Project Materials
Summary
The short answer is yes, and the difference goes deeper than just writing style. Using TF-IDF based classification, a logistic regression model separated human from AI chunks with a macro F1 of 0.862. The most predictive features were not random: AI writing consistently reflected more abstract language, while human writing was grounded in specific dates, citations, and institutional vocabulary.

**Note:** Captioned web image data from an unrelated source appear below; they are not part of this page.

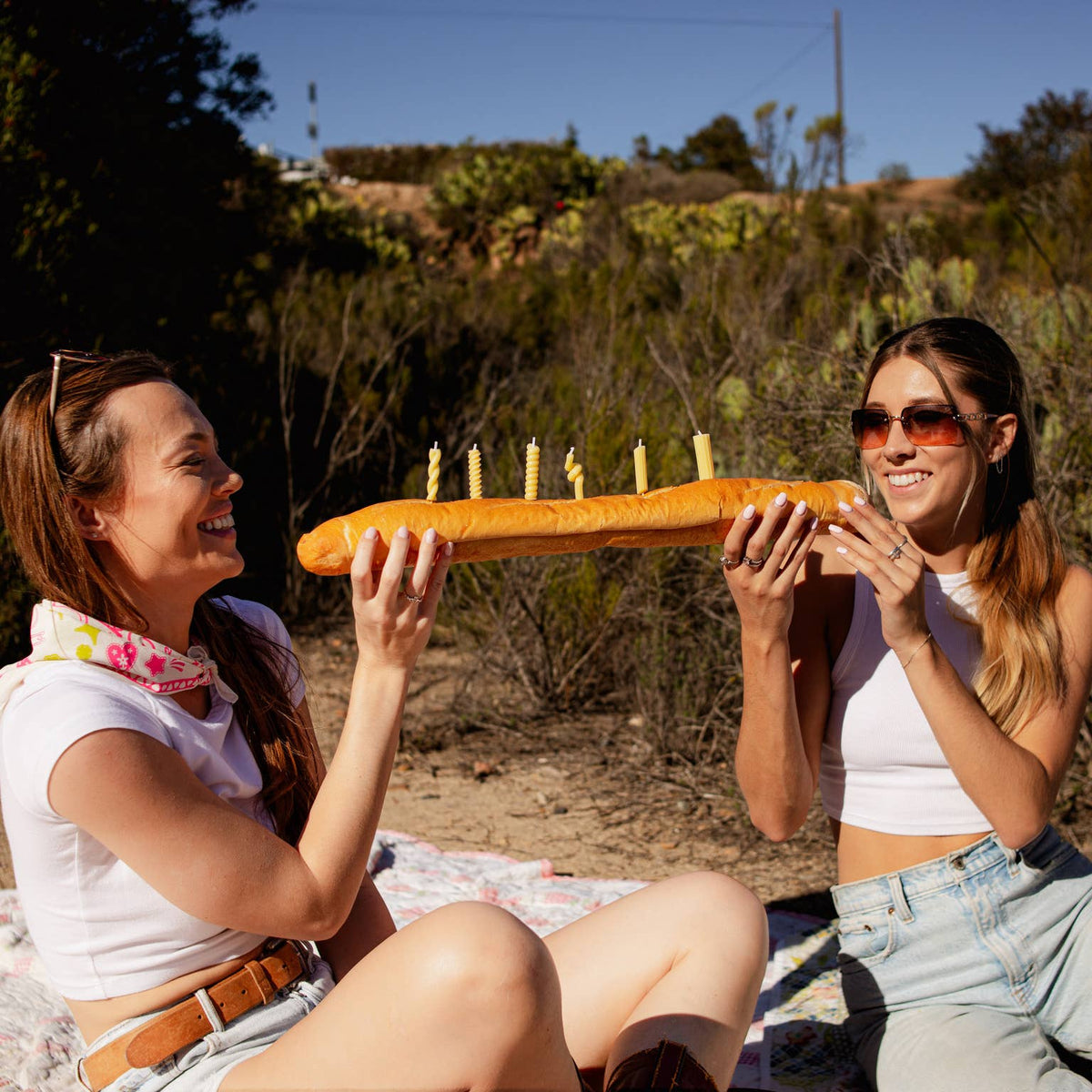 PASTA PARTY Noodle Candles - Set of 6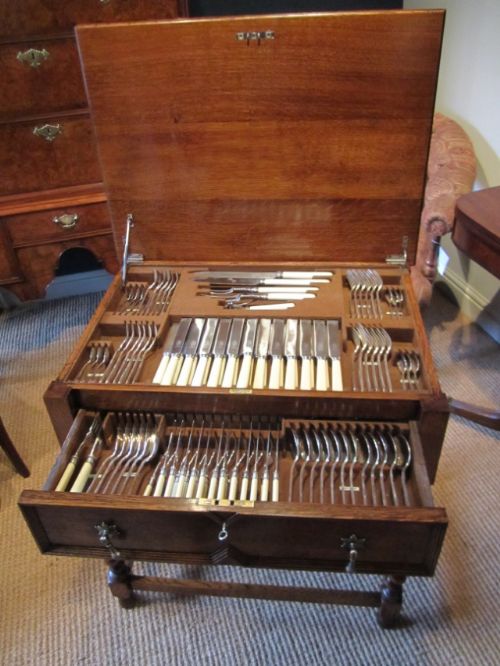 Immaculate Edwardian Mappin & Webb Canteen
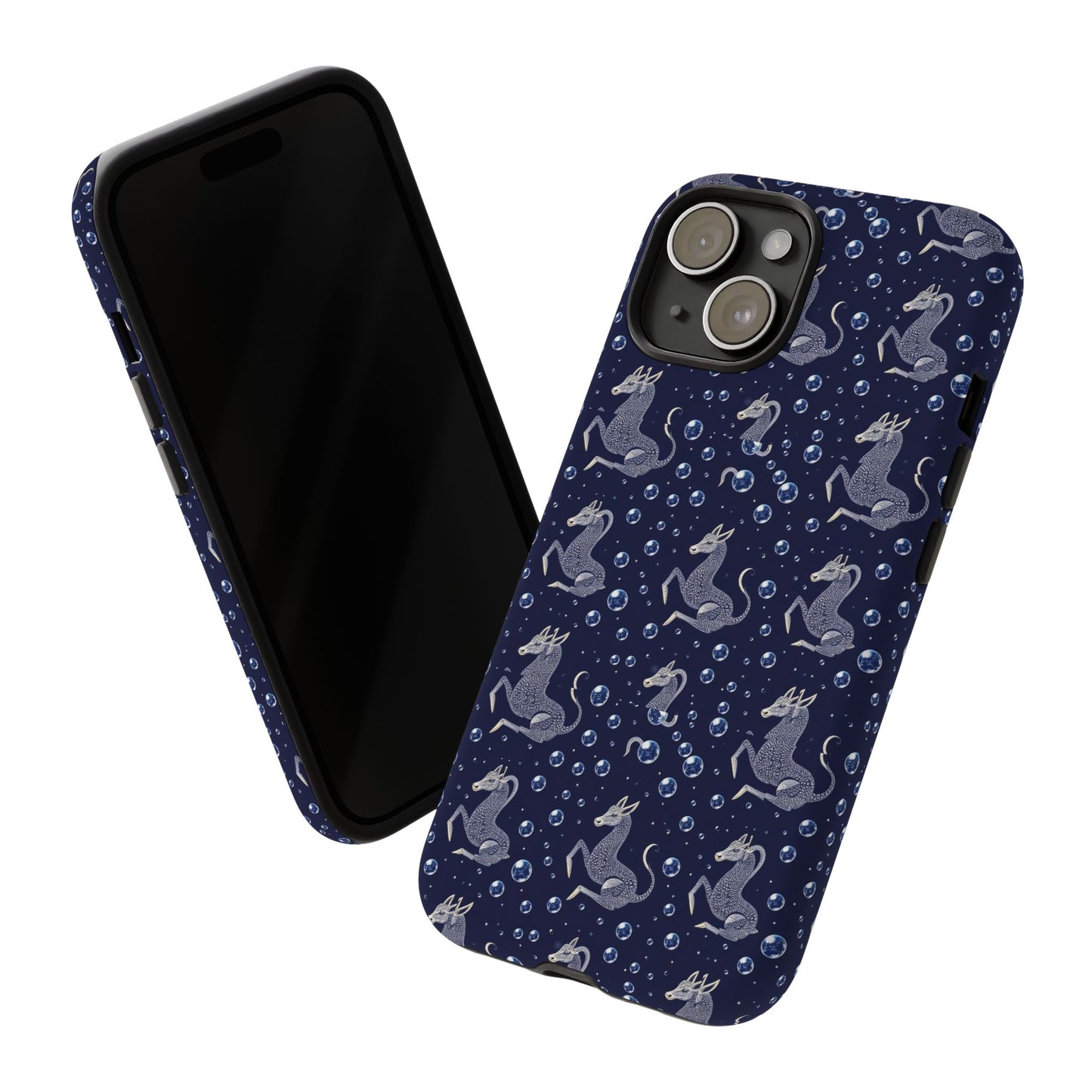 Tough Cases, Capricorn, Zodiac v2, Bubble Pattern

Topic modeling with BERTopic and LDA across two chunking strategies confirmed the same pattern, i.e., human chunks concentrated in narrative and academically grounded topics, while AI chunks concentrated in generic essay-prompt territory. All four model/strategy combinations returned chi-square p-values essentially at zero, meaning the Human vs. AI distinction showed up no matter how the data was sliced.
Key Findings
TF-IDF features alone carried strong signal. Logistic Regression achieved macro F1 = 0.862 and Naive Bayes F1 = 0.816, both well above the 0.5 random chance baseline.
AI writing reaches for abstraction. Words like potential, significant, additionally, ultimately were the top predictors of AI authorship across every model tested.
Human writing is grounded in specifics. Dates like 2007, 2008, 2009 and words like cited, references, essay were the strongest predictors of human authorship.
The distinction held across all four models. All chi-square tests returned p-values essentially at zero, meaning topic assignment was never independent of the Human vs. AI label.
Dataset
788,922 texts from humans and 62 different LLMs. A reproducible 10,000-row sample was used for all analysis (RANDOM_SEED = 230). Kaggle, Zachary Grinberg, 2024.